Now count it in this way;

  • Some of them can be written with 5 not be 5th one. So for 5 we have 4 positions and the other 4 numbers should be put in 4 places by 4! possibilities so 4(4!)
  • The other cases 5 should remain at 5th position so again divide to two cases. First, 4 not in 4th position you so 4 has to be in 1st, 2nd or 3rd position by 3 choices then 1,2,3 have to be put at 2 remained positions from 1st, 2nd and 3rd which 4 is not there plus 4th position which is empty by 3! ways so this be done by 3(3!).
  • The remained cases are ones that 5 is at 5th and 4 is at 4th position. Again divide it into two cases. First, 3 is not at 3rd position so we have 2 choice for it, 1st or 2nd position. 1 and 2 now can be sit at the remained position from 1st and 2nd which 3 is not there plus 3rd position so they can be put in the remained possible places by 2!. So number of numbers which produced here are 2(2!).
  • Now the at remained possibilities, 5 is at 5th, 4 is at 4th, 3 is at 3rd positions. As we don't want 12345. So 2 should be at 1st (by 1 choice) and 1 should be at 2nd (by 1!=1 choice) so 1(1!).

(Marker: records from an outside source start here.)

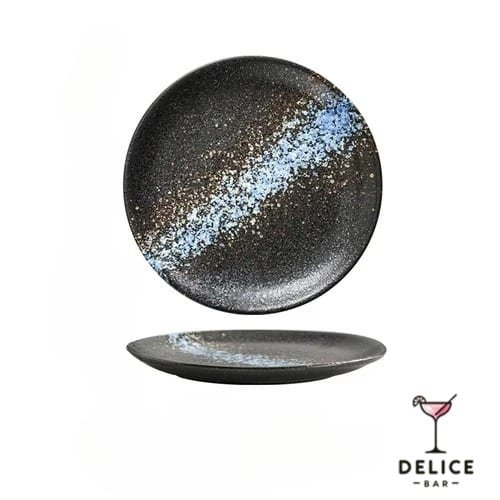 Assiettes noires motifs éclaboussures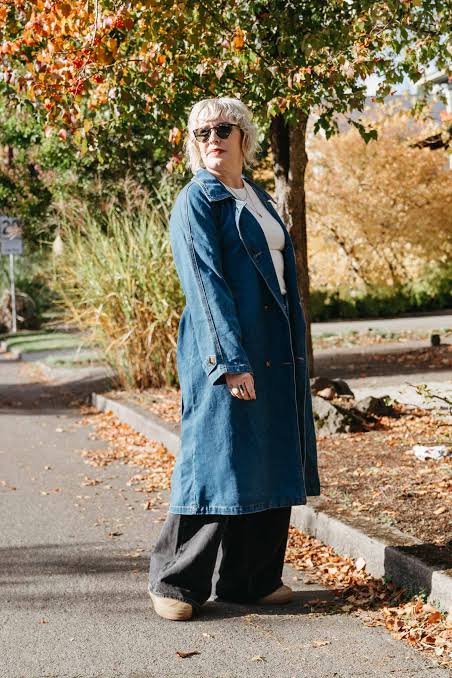 Medium Wash Denim Trench Coat with Black Corduroy Trousers — Long Coat Outfits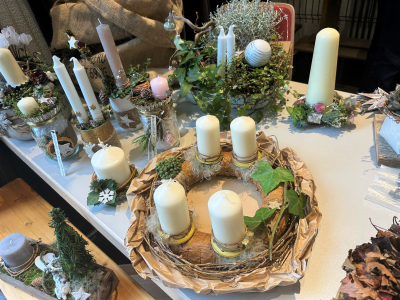 Dekorierte Kerzenständer und Gestecke mit Kerzen und Pflanzen sowie Adventskranz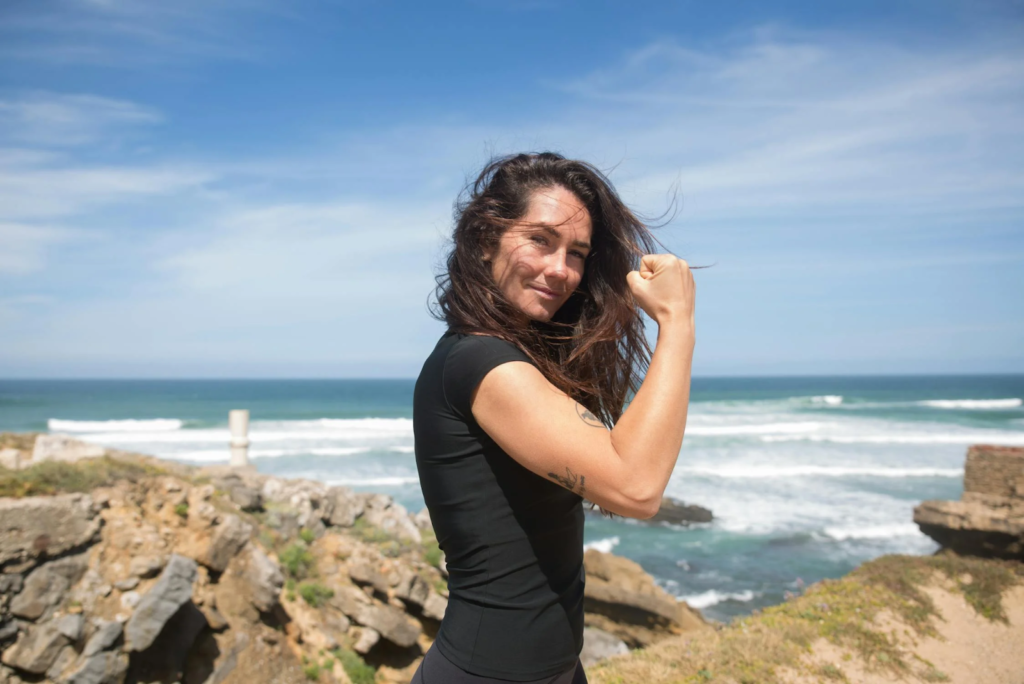 A woman in black top, clenching her fist, and showing off her biceps.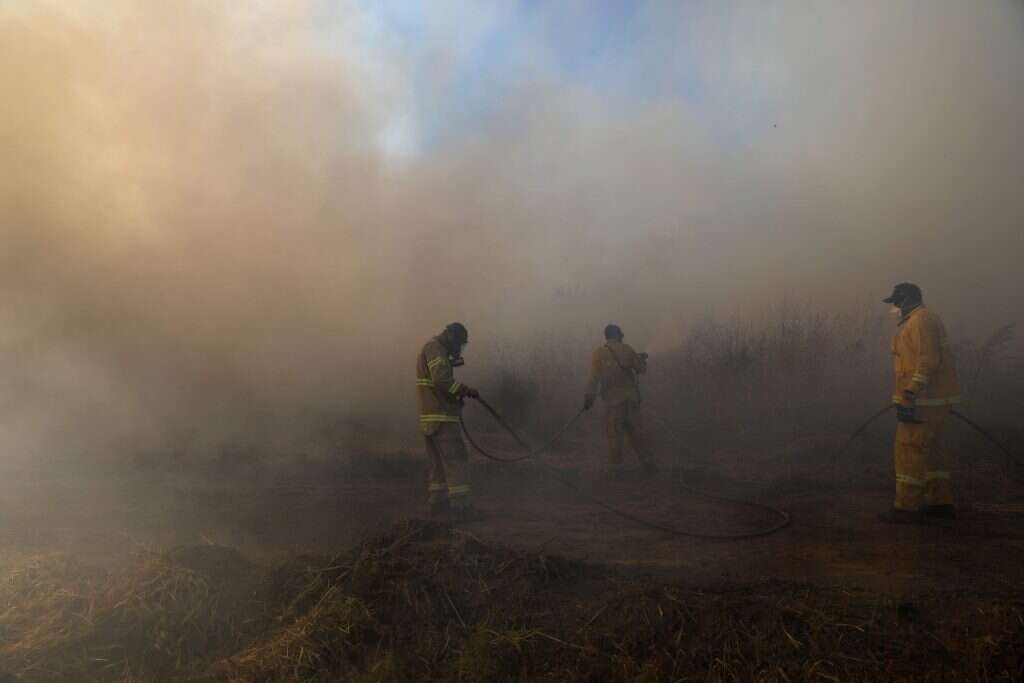חייל מכבה שרפה בעוטף עזה. | AFP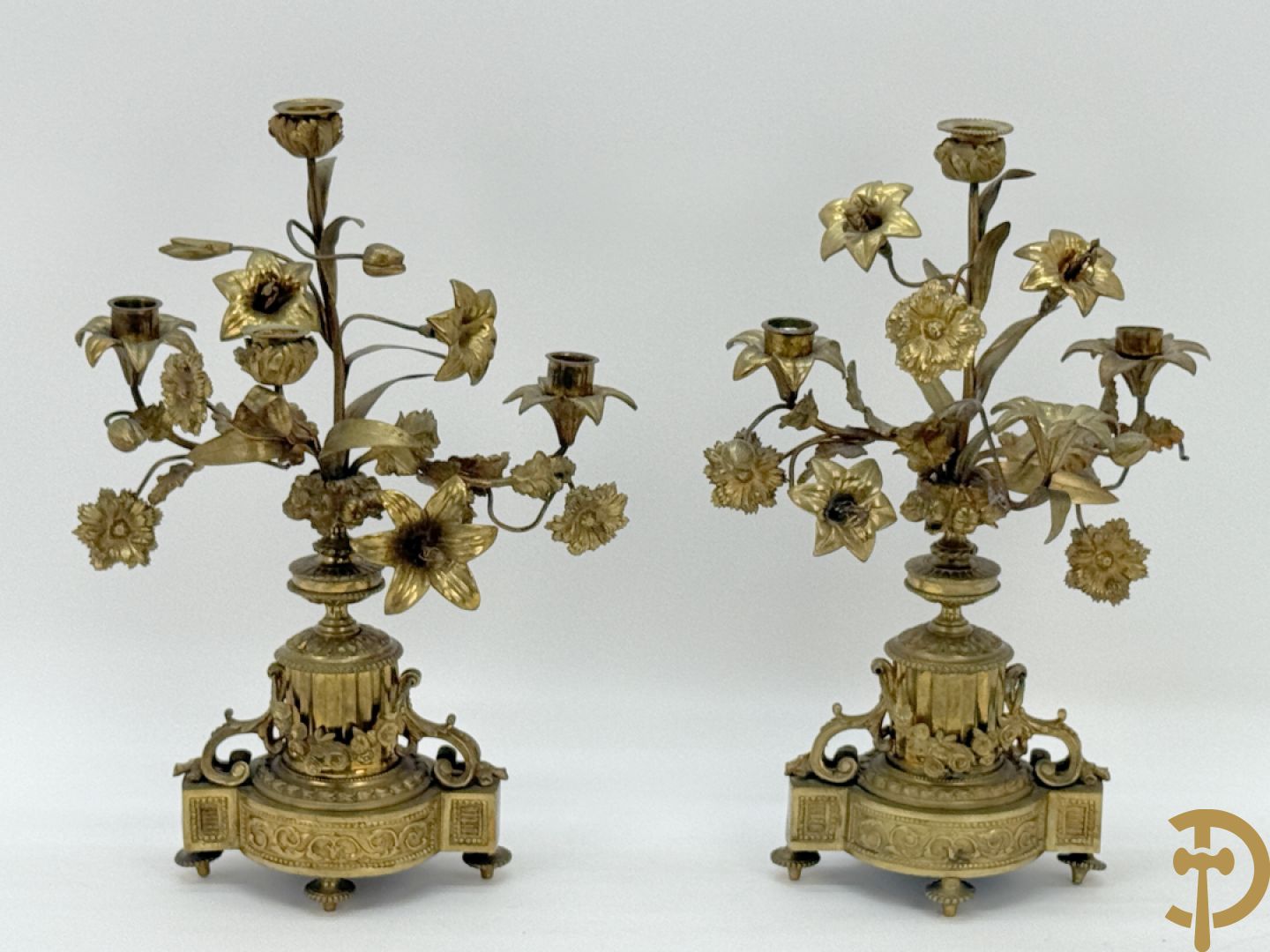 Paar bronzen kandelaars met guirlande en bloemenmotieven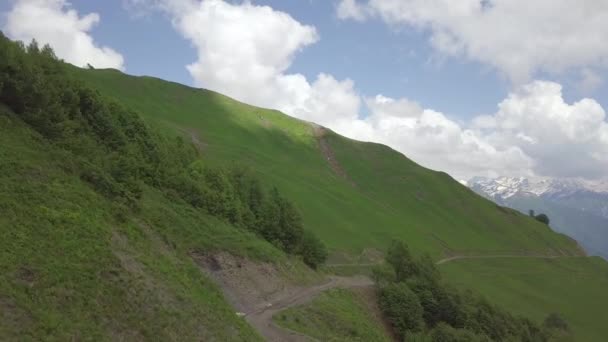 Vlucht boven de weg onder de groene heuvel van de berg — Stockvideo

By the second method we count possible requested numbers as this sum 4(4!)+3(3!)+2(2!)+1(1!). And as we were counting same thing so we have to have (4+1)!-1=5!-1=4(4!)+3(3!)+2(2!)+1(1!).

The general case is same when you are counting the number of n+1 digits numbers using n+1 (ordered) alphabet except $\overline{123...n(n+1)}$.